Pedro Almodóvar. Broken Embraces (Los Abrazos Rotos), 2009. Courtesy of El Deseo.
 

On Building Something

by Sina Sohrab

Every day, after I leave the office, I ride the train to the apartment my partner and I have been sharing for the past five years. These days, we’re staying with her parents while we shift the boundaries of our space. I go to check in on things; in the quiet of construction interrupted by the day’s end, I spend an hour weaving through the dust and mark the walls with notes for tomorrow’s work. 

For a long time, I felt that the most successful spaces fell back—that they could be inhabited without thought. It was favorable for them not to ask anything of you, only to serve as a comforting blankness to backdrop everyday life. Lately, though, I’m not so sure; in building a place for our own mundane dramas, I’m seeing more and more that the pleasure of a space isn’t derived from its ability to disappear, but rather from the moments it does allow to appear. Beauty lies within the push and pull of a space; as a result of tension, not reduction. 

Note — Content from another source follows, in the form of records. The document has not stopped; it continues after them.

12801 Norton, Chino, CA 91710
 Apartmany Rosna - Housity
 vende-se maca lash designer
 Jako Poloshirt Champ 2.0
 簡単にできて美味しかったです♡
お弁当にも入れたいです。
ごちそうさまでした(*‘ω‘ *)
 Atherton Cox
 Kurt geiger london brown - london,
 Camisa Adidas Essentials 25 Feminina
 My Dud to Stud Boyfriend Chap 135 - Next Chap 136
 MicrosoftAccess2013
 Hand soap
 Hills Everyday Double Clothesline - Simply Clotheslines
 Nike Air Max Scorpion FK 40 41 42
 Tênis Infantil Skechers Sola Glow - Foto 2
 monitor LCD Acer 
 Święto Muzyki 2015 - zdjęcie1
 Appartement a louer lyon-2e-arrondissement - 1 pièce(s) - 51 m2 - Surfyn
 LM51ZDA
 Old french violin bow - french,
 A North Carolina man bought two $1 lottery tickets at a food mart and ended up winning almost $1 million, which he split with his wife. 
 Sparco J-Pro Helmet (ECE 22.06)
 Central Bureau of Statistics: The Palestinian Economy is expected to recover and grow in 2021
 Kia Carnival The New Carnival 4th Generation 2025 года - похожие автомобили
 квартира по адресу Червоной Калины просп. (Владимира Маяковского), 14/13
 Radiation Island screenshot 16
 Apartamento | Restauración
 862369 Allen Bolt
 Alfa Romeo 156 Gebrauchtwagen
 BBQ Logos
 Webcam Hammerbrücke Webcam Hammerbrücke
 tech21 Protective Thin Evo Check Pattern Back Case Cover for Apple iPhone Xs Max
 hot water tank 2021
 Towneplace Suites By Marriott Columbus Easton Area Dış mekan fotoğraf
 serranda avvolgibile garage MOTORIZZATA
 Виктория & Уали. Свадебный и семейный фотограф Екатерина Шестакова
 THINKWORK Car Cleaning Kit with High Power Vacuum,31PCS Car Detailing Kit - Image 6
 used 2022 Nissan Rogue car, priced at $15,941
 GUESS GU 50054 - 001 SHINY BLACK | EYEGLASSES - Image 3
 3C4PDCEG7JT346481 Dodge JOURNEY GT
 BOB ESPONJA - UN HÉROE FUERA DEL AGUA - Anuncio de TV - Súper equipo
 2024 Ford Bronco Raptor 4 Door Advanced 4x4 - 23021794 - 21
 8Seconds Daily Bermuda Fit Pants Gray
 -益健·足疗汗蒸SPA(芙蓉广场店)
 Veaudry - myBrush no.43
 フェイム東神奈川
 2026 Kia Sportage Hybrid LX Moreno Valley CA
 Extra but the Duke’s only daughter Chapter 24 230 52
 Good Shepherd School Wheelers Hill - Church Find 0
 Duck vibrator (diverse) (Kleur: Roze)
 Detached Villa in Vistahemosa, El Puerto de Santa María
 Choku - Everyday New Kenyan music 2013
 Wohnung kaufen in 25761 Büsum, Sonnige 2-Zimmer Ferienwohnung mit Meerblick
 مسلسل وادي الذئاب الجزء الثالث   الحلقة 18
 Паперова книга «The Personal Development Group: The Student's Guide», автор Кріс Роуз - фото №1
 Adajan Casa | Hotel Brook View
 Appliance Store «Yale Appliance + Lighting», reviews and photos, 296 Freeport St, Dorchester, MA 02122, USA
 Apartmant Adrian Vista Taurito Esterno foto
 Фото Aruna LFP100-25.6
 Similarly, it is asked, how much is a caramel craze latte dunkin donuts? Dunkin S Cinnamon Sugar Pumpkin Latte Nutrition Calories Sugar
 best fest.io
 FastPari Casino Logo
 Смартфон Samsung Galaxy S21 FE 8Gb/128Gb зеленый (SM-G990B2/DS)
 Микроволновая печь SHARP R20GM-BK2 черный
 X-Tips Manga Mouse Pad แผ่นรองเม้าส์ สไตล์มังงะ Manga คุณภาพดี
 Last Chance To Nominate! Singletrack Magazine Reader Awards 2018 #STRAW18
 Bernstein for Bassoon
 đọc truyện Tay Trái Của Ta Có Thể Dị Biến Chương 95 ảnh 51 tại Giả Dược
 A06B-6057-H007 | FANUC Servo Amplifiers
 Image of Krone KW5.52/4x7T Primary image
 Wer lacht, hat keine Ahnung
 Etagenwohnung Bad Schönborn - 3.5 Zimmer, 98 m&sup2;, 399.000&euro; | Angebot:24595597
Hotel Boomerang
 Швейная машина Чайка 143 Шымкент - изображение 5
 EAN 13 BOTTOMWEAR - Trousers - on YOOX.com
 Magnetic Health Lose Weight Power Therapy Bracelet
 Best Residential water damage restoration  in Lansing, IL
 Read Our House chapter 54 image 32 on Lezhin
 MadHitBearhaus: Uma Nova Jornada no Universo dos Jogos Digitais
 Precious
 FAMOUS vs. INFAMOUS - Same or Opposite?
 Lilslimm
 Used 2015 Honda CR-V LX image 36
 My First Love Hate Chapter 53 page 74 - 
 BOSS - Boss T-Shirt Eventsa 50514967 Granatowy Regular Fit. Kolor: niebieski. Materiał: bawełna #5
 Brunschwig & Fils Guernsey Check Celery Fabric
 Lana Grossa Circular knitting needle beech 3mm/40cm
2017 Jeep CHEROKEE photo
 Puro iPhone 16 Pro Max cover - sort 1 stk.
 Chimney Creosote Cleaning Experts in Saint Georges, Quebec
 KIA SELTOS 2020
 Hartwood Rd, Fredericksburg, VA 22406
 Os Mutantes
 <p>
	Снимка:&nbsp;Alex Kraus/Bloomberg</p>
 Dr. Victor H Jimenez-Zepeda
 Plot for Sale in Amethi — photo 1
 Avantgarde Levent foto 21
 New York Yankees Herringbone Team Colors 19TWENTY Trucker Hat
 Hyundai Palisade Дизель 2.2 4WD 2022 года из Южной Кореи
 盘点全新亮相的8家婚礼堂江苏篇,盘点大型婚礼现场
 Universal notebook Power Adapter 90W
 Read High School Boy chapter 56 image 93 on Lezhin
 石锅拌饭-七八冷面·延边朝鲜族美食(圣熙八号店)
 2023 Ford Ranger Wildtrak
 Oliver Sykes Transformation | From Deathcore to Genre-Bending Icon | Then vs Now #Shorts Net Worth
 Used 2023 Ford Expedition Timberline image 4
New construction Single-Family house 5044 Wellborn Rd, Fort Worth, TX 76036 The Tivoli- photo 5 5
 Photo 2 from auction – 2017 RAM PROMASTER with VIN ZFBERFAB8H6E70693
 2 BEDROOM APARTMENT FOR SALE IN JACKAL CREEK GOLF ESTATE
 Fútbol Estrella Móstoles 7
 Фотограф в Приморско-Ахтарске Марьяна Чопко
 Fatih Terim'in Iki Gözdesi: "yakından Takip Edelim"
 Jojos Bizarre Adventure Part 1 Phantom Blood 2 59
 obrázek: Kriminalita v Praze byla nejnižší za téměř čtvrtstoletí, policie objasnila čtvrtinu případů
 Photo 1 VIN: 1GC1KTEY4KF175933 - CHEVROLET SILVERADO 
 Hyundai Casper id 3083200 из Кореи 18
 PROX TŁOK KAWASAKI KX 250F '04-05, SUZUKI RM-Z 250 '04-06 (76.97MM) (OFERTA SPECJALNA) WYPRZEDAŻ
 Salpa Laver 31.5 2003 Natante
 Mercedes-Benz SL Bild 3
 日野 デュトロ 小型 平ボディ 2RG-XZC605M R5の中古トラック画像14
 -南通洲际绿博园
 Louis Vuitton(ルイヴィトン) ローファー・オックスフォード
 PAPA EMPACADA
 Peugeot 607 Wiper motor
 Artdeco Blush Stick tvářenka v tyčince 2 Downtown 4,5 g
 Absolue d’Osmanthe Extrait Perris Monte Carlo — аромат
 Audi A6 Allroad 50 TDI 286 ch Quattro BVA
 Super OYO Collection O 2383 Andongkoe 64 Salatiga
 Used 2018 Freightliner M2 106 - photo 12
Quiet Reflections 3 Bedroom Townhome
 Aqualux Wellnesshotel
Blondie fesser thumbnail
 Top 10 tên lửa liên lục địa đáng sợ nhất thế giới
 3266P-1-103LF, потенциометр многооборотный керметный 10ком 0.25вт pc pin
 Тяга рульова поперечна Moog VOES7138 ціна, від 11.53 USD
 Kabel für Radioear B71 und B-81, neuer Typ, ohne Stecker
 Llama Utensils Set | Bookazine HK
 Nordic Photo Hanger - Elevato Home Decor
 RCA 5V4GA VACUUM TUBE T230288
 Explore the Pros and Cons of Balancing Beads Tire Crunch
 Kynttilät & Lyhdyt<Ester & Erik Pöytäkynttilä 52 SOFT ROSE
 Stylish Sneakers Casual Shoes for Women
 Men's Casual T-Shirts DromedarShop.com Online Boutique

The Spanish director Pedro Almodóvar has said of his films, “I don’t want to imitate life in movies; I want to represent it. And in that representation you use the colors you feel.” There’s an echo of this sentiment in the making of a home; there’s more to gain by embracing the feeling of living, the messy serendipity and the overwhelming solitude, than by minimizing it. Perhaps there is opportunity in making space a counterpoint to one’s self—space that can challenge you rather than fall away. 

In school, I had a painting teacher who would hold up Richard Diebenkorn’s Interior with View of the Ocean and, by balling his hands like a closed oyster, drag our eyes across the room to the yellow streak of light slicing the blue-black hues. Here, he would say, is where the painting lives, in the tension between the colors. He had a point with this that I think I missed for a long time, and have only recently started to appreciate: there is little satisfaction to be found in sober contraction; it is rather found in the tension between silence and expression, as a reflection of some human state.

Sina Sohrab is an industrial designer and researcher based in Madrid, Spain.